Some neat effects can happen with dyes being sanded back and re-dyed with a different color. The wilder the grain, the better the contrasts.
 
wood dyeing

I have a chamber vacuum sealer that I use for my culinary exploits. Would this be effective to force ink deep into the wood? They would be in individual bags vacuum sealed.
 
I'm in the process of learning to dye blanks too. I have tried the alumilite dyes in Cactus juice trying to stabilize and dye at the same time with little luck. Has anyone tried the alumilite dye dissolved in Isoprophyl Alcohol? Was thinking of trying to make up a enough in a small container to cover the blank and put it under vacuum to get it to absorb into the blank better.
 
I use dye from this company. http://www.dharmatrading.com/html/eng/3796-AA.shtml?lnav=dyes.html
They work well on wood and come in a lot of colors. Instead of mixing with water, I use DNA and get good results. For vacuum I use my wifes food saver, really helps suck the dye into the wood.

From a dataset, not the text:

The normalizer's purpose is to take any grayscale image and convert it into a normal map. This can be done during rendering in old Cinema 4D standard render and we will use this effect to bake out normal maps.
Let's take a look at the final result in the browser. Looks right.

Does anyone know how powerful a vacuum this pulls compared to a Harbor freight pump? I think part of the issue might be the strength of vacuum. I have a food saver and could use it with a trap type jar without worrying, but I don't think it really pulls much vacuum.

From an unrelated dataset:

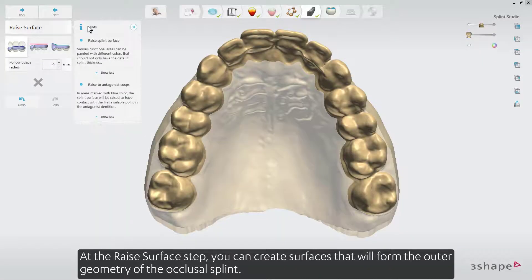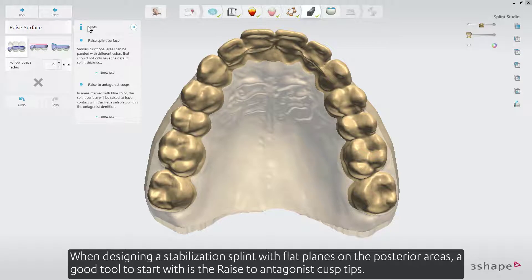At the raise surface step, you can create surfaces that will form the outer geometry of the occlusal splint. When designing a stabilisation splint with flat planes on the posterior areas, a good tool to start with is the raise to antagonist cusp tips.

Does anyone use the large Ball jars as a primary container with small ball jars as a secondary? I was thinking something like a 1 gallon or half gallon pickling jar for the primary, the a smaller one for secondary. It looks like the lid size may not vary much between sizes so it might not be possible to drop a small jar into a large one.

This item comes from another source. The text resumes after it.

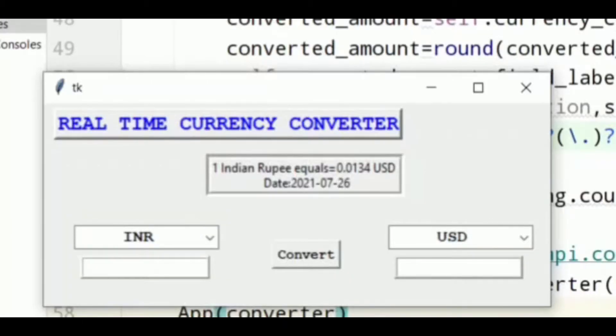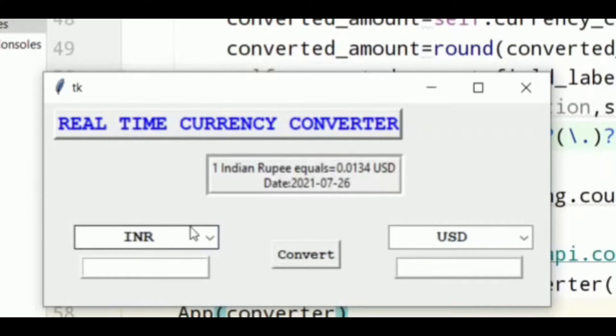As you can see on the screen, two blocks are there. In these blocks you can select the two currencies and simply just put the values which you want and convert it.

I want to dye pieces for a cutting board type glue up that will then need to be milled flat and square. I can lose the dye in places for a worn effect, but need it to be deep enough most of the wood will retain the dye color.
 
Well, I ordered the foodsaver mason jar adapter set, some 64 oz mason jars, and will use some DNA based dye. Maybe transfast since it has both colors available. Transtint does not have grey.
 
Well, that didn't work. At all. I was very hopeful when I started the process. A fair amount of air was bubbling out. I re-engaged the vacuum several times over the course of about 1.5 hours as the jar did not hold vacuum with the foodsaver adapter attached. Maybe if I took it off and put the ring on. The instructions indicated the top would seal wuth just the vacuum. More air came out each time I engaged the vacuum, so I thought that would have better results. I then left the blank out for 3 hours while the DNA evaporated. Once dry I split the blank using a chisel and mallet. The dye had only heavily penetrated, maybe 1/32 through the heartwood. The sapwood had a thorough penetration, but very light in color.

I grabbed a piece out of the scrap box to test. I believe it was hard maple. That may be part of the problem. Maybe a large part. I have some pine around I will repeat with. I suspect I will be ordering fixtures and a vacuum pump shortly though.